* _WORK REQUIRED_
Once the line containing "2927 Spangler Rd, Hermitage, PA 16148" is found in the entries below, restate it and each following line word for word, stopping after the line containing "Veien er et".

* _AVAILABLE RECORDS_
####

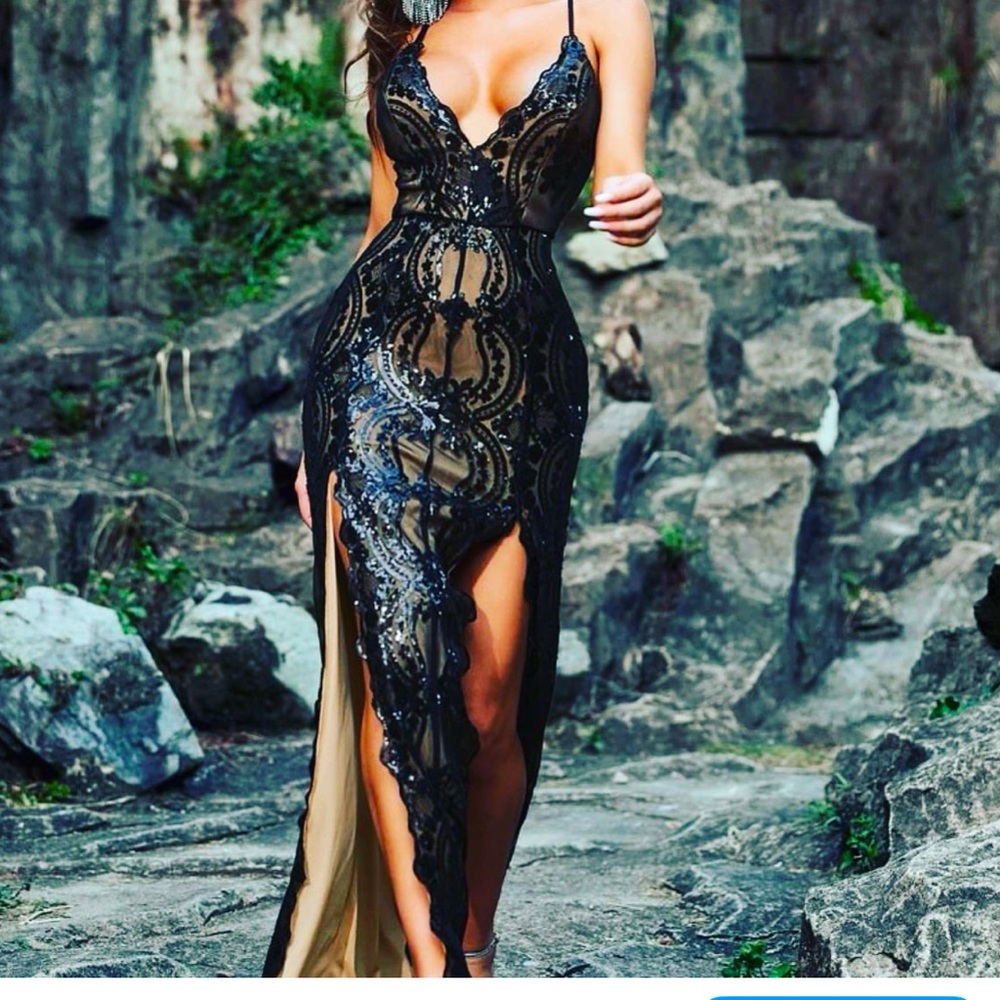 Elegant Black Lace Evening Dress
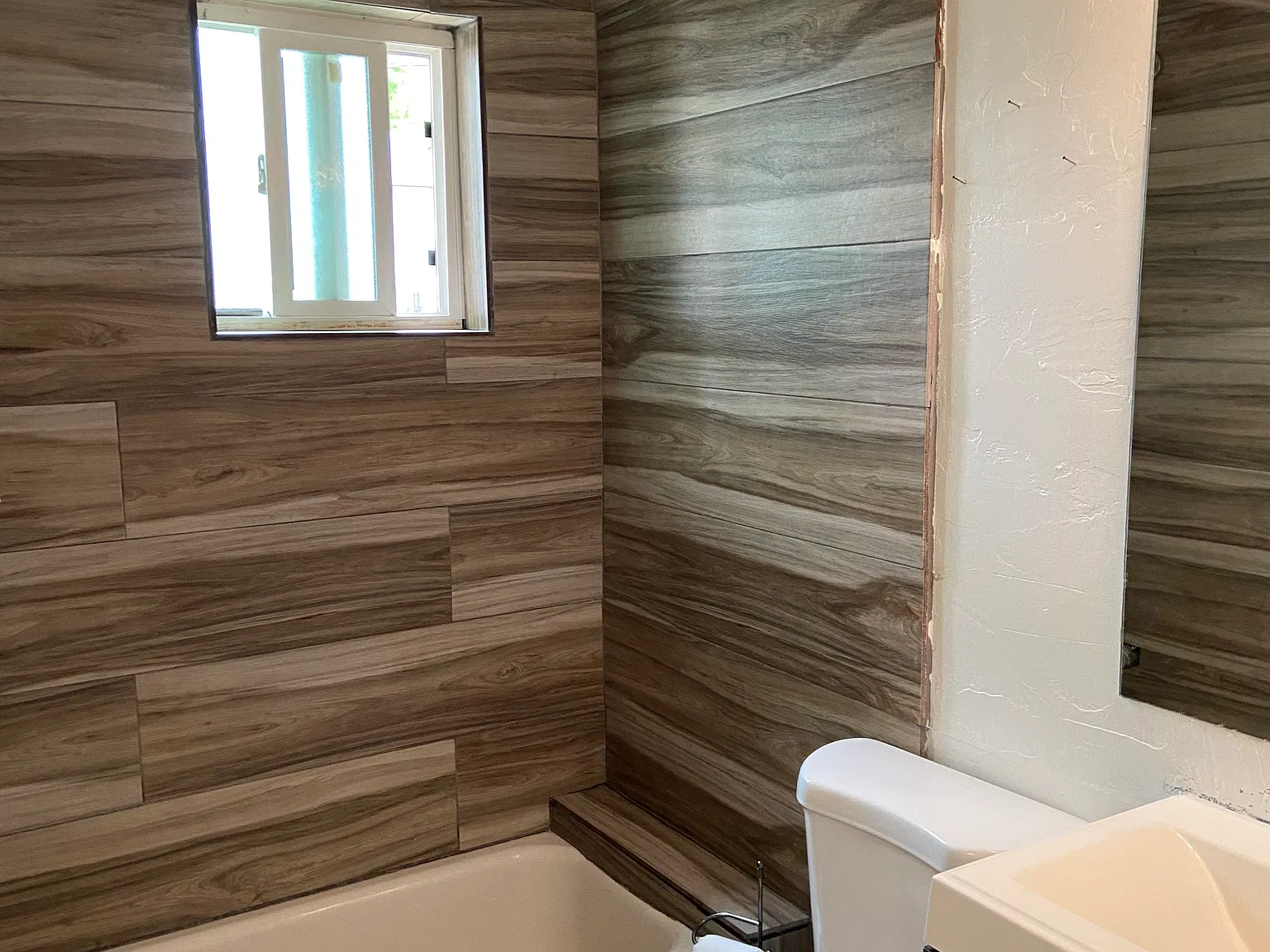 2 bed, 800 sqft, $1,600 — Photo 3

####

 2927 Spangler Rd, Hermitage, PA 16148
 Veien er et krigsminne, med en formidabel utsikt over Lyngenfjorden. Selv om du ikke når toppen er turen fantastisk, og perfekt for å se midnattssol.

####

* _ANSWER SPACE_
 2927 Spangler Rd, Hermitage, PA 16148
 Veien er et krigsminne, med en formidabel utsikt over Lyngenfjorden. Selv om du ikke når toppen er turen fantastisk, og perfekt for å se midnattssol.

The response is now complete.